Re: [Qemu-devel] [Qemu-ppc] [PATCH] hw/ppc: disable hotplug before CAS is completed
Posted by David Gibson 6 years, 7 months ago
On Tue, Aug 22, 2017 at 08:50:44PM -0300, Daniel Henrique Barboza wrote:
> 
> 
> On 08/18/2017 01:14 AM, David Gibson wrote:
> > On Thu, Aug 17, 2017 at 06:31:28PM -0300, Daniel Henrique Barboza wrote:
> > > 
> > > On 08/17/2017 04:52 AM, David Gibson wrote:
> > > > On Tue, Aug 15, 2017 at 05:28:46PM -0300, Daniel Henrique Barboza wrote:
> > > > > This patch is a follow up on the discussions that started with
> > > > > Laurent's patch series "spapr: disable hotplugging without OS" [1]
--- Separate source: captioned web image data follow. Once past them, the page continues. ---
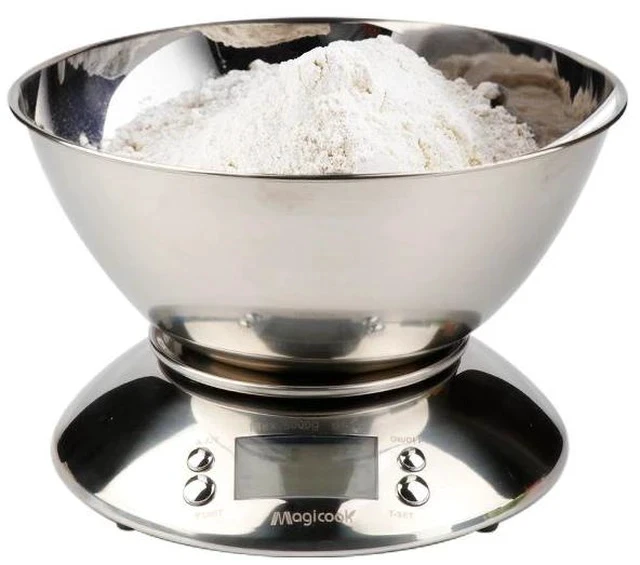 Alt view image 2 of 7 - 5kg/1g Stainless Steel Kitchen Scale with Mixing Bowl High-Precision Digital Food Scale, Smart Timer Function for Baking & Cooking, Household Use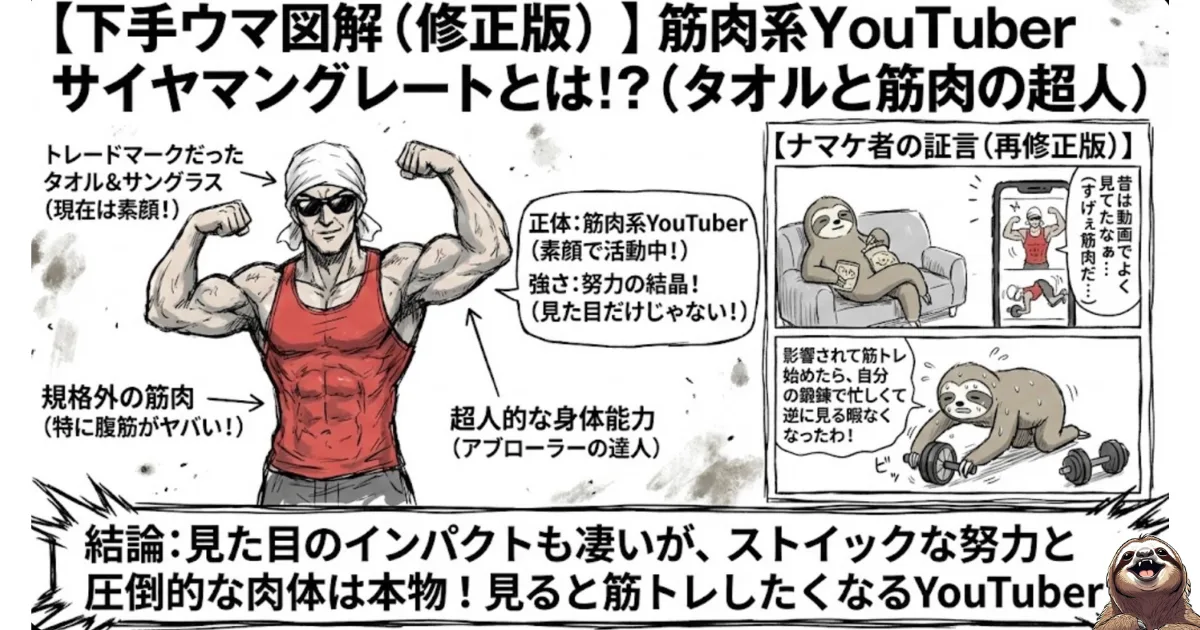 【下手ウマ図解】筋肉系YouTuberサイヤマングレートと行動変容:規格外の筋肉とアブローラーの実力を持つ彼に影響され、動画を見る側(視聴者)から、自ら筋トレをする側(実践者)へと変わったナマケ者のビフォーアフター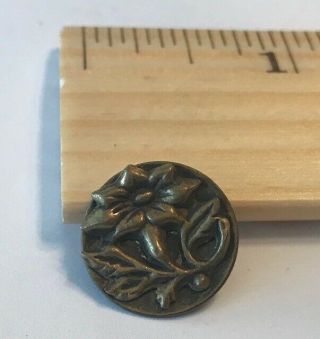 rare very old brass gold tone vintage antique floral flower metal button 739 2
> > > > > and discussions made at patch "spapr: reset DRCs on migration
> > > > > pre_load" [2].
> > > > > 
> > > > > At this moment, we do not support CPU/memory hotplug in early
> > > > > boot stages, before CAS. The reason is that the hotplug event
> > > > > can't be handled at SLOF level (or even in PRELAUNCH runstate) and
> > > > > at the same time can't be canceled. This leads to devices being
> > > > > unable to be hot unplugged and, in some cases, guest kernel Ooops.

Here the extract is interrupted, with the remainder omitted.